* _Work instructions_: Leaving out the pictures, retype the lines from the top of the listing through the line with "Ted runs down" exactly.

* _Dataset extract_:
*** Begin section ***
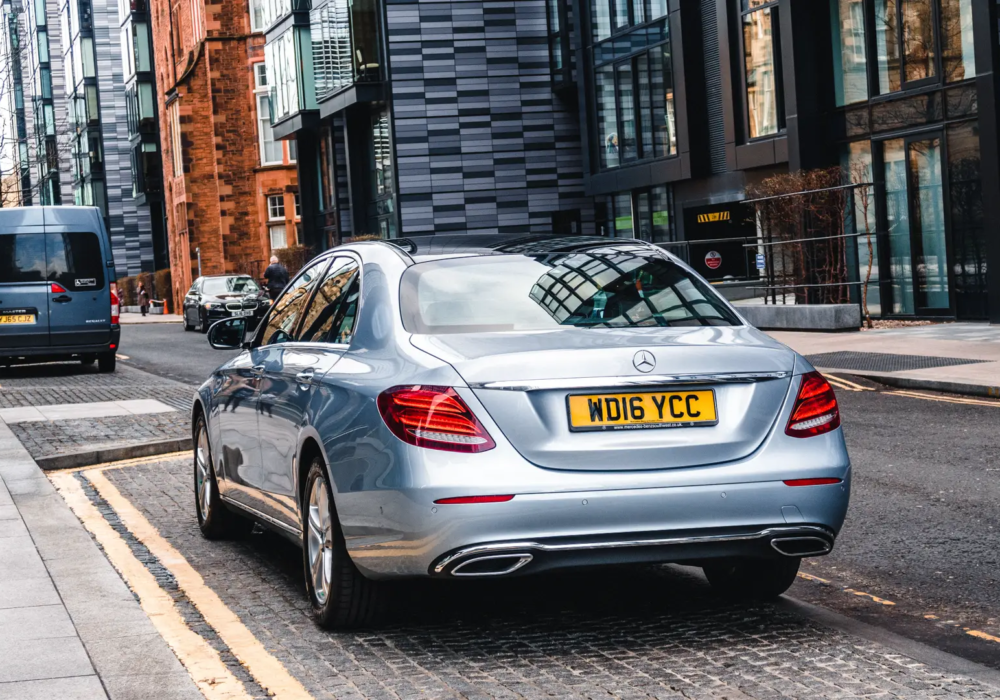 Executive Airport Transfer - Mercedes-Benz E-Class in Scotland Silver Mercedes-Benz E-Class ready for executive airport transfers in the modern streets of Scotland.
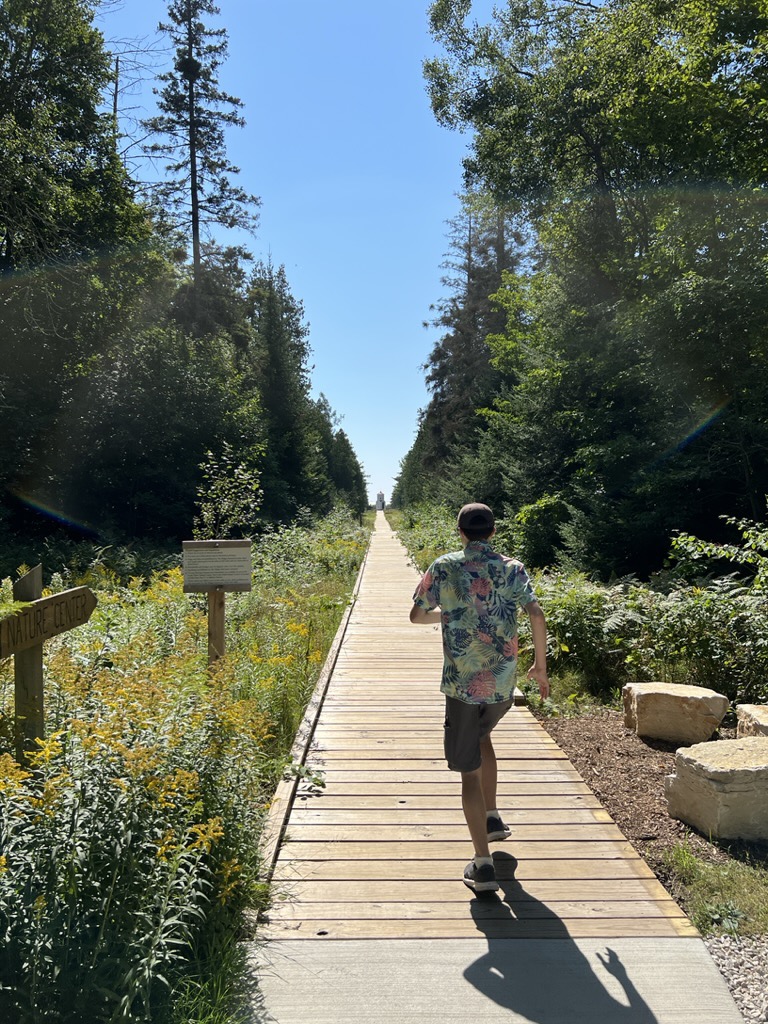 Ted runs down the boardwalk to the Rangelight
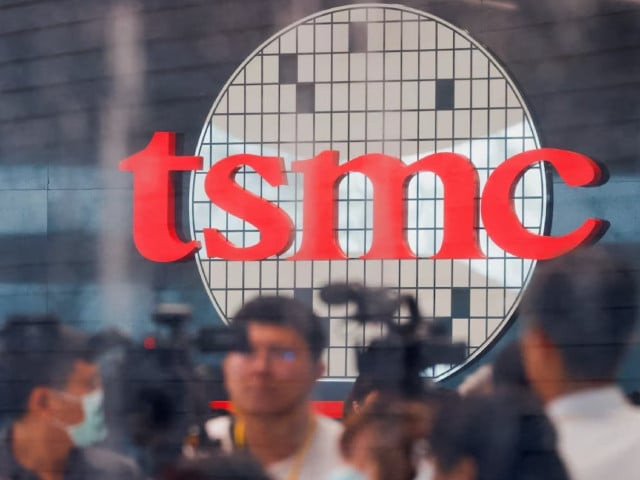 taiwan semiconductor manufacturing company s tsmc logo is seen while people attend the opening of the tsmc global r d center in hsinchu taiwan july 28 2023 photo reuters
*** End section ***
* _Task output_:
 Executive Airport Transfer - Mercedes-Benz E-Class in Scotland Silver Mercedes-Benz E-Class ready for executive airport transfers in the modern streets of Scotland.
 Ted runs down the boardwalk to the Rangelight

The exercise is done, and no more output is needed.